- Exercise objective
Repeat the material exactly from its first line to the line that includes "a kitchen with stainless". Skip pictures.

- Supplied information
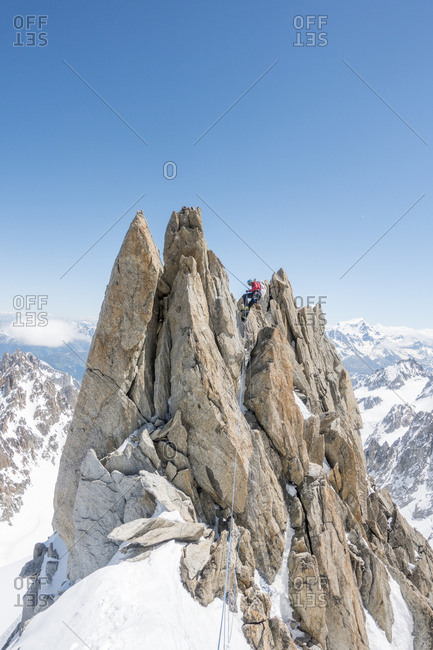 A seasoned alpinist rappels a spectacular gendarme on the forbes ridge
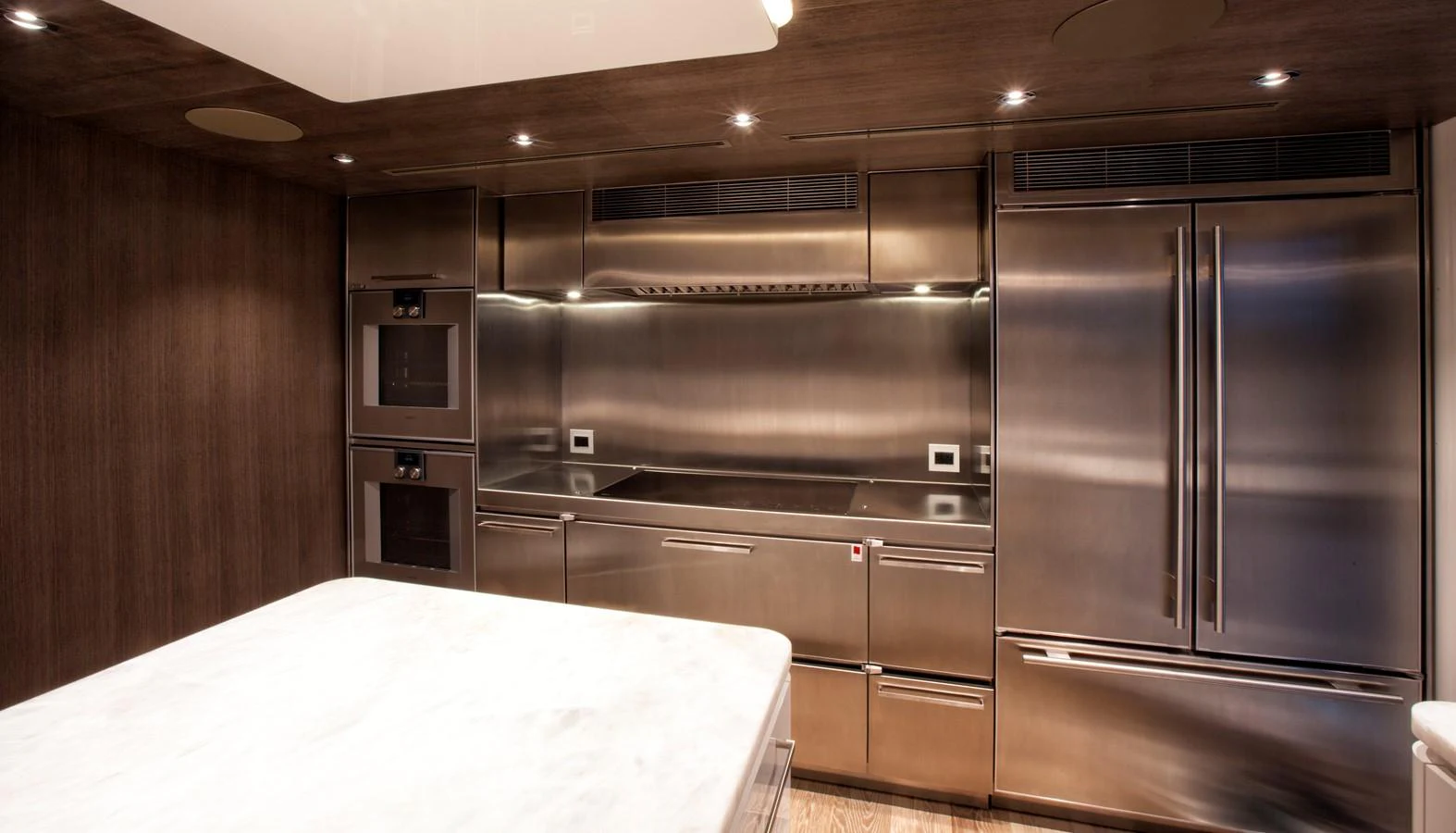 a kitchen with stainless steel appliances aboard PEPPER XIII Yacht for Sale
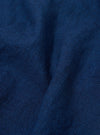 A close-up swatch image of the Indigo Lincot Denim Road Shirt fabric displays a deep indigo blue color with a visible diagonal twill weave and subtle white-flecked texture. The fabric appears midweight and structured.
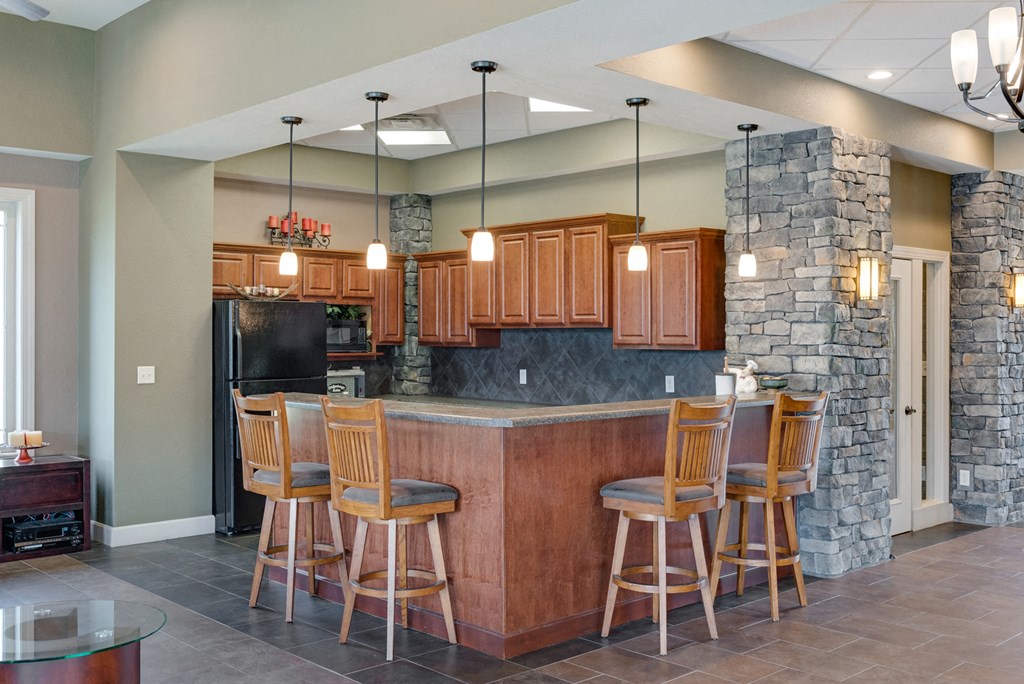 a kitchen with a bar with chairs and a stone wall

- Written solution
 A seasoned alpinist rappels a spectacular gendarme on the forbes ridge
 a kitchen with stainless steel appliances aboard PEPPER XIII Yacht for Sale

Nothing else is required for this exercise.